World Heritage walks
This is a 6 km path that takes you to three different places with exciting rock carvings: Lövåsen with its shaman, the Gerum panel with the flying swing and Sotetorp with ships full of people doing backward somersaults.
Beside the carvings, which are both painted and unpainted, there are information boards that tell you about the locations and the interpretations of the rock carvings. The tour also takes you past other sights of cultural and historical interest such as livestock paths, a ruined windmill and remains of cottages. Along the way there are a couple of places for a rest and a location affording a magnificent view of the Tanum Plain and the World Heritage Area. From the car park red-topped posts show the way. The path is quite hilly in places.
Kasen Lövåsen
This is the first panel that you reach if you follow the path. On the far side of the panel there are two deeply carved ships, very visible in the afternoon sun. Close beside the platform on the steps there are two other very interesting ships. In both cases the crew can be clearly seen with their paddles raised in the air. In the stern of the ship on the left stands a man who is a good deal bigger than the other men of the crew. Perhaps there is a value perspective and it is the ship’s skipper that we see. From the man’s head what look like rabbit’s ears stick up. We are presumably looking at a helmet with horns. It was during the Bronze Age that horned helmets were fashionable and not during the Viking era.
Ten metres or so to the right of the steps there is another man with a horned helmet. This is the “sorcerer” or “shaman”. Like the skipper the shaman has what appears to be a big nose. These elongated faces have been interpreted as indicating that the person depicted is wearing a mask, perhaps a bird mask with a beak. The shaman is also interesting because he shows some of the most common attributes that can be seen on the men of the rock carvings. That it is a man can hardly be doubted because the shaman is depicted with a clearly erect penis. The scabbard of a sword protrudes from the rear of the shaman. The end of the scabbard is in a form similar to the bronze fittings that have been found from the Bronze Age. The extremely thick calves are also something often seen on persons depicted.
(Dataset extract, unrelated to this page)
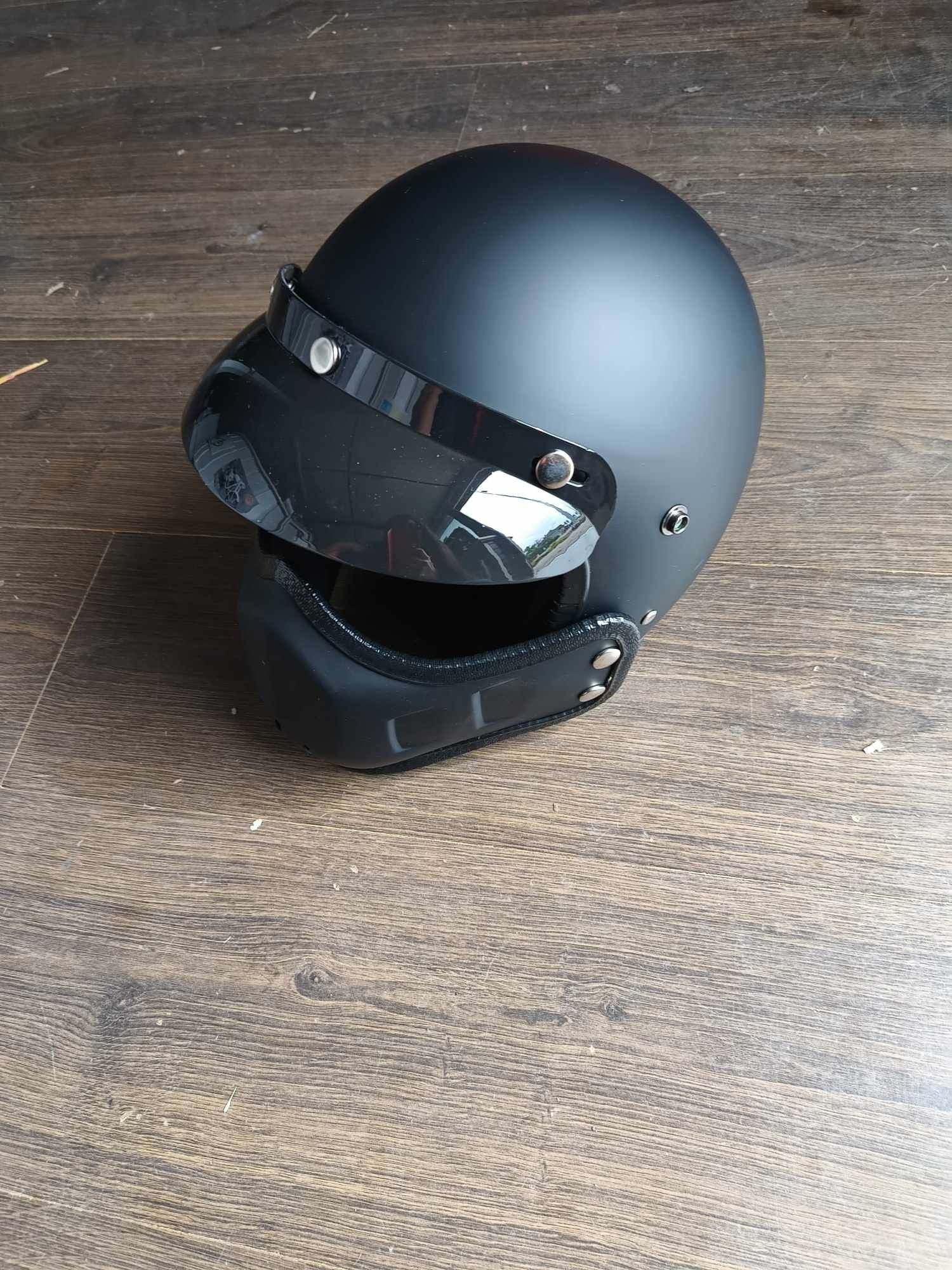 Nowy kask awina czarny mat wypinana szczęka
Perhaps they were regarded as handsome.
The Gerum Panel
The Gerum panel, also known as the Runohällen (the runic panel), bears no runic script, only Bronze Age carvings. The name comes from the fact that in times past what could be seen on it was believed to be prehistoric script. In the middle of the Runohällen is its most frequently discussed carving, the flying swing or the maypole. The image has acquired this name because it brings to mind the maypoles and dancers that can be seen in, for example, Dalarna. At the top there is a platform with a man on it. From the platform hang “ropes” with figures on the ends.
However it is not only this unique carving that makes the panel interesting, but also its place in the landscape. Runohällen is a carving that is located very low. Sea level during the Bronze Age was much higher than it is today, and at the beginning of the Bronze Age, around 1800 B.C., the whole rock was under water and the cultivated landscape where the panel lies today was a part of the inner archipelago. By about 1500 B.C. the sea had receded a little and the shoreline was about half a metre below the platform of the maypole. It was at this time that the first images were carved on the panel. The earliest images are the ships that have a keel line that goes up like an antenna at one end and finishes in a blob at the other. The ships have thus been carved on a panel that was lashed by the waves of the Bronze Age and it is not difficult to imagine a clear connection between the depictions of ships and the sea beside which they lay.
Sotetorp
Sotetorp is the third and final rock carving on the “World Heritage Tour” circuit. The best known carving on this rock is probably the representation off an acrobat, a “voltigeur”, who is doing a backward somersault over a ship. Men resembling the shaman from Kasen Lövåsen are standing in both the bow and the stern. Several experts have drawn parallels between our Scandinavian acrobats and the depictions of bull leapers from the contemporary Minoan culture of Crete.
There have also been discoveries of acrobats of bronze that have presumably been attached to wooden models of ships. Just to the left of the ship with the voltigeur there is a so called sunwheel, a symbol normally taken to represent the sun. It could of course also be a depiction of a wagon wheel and spokes, a new invention during the Bronze Age.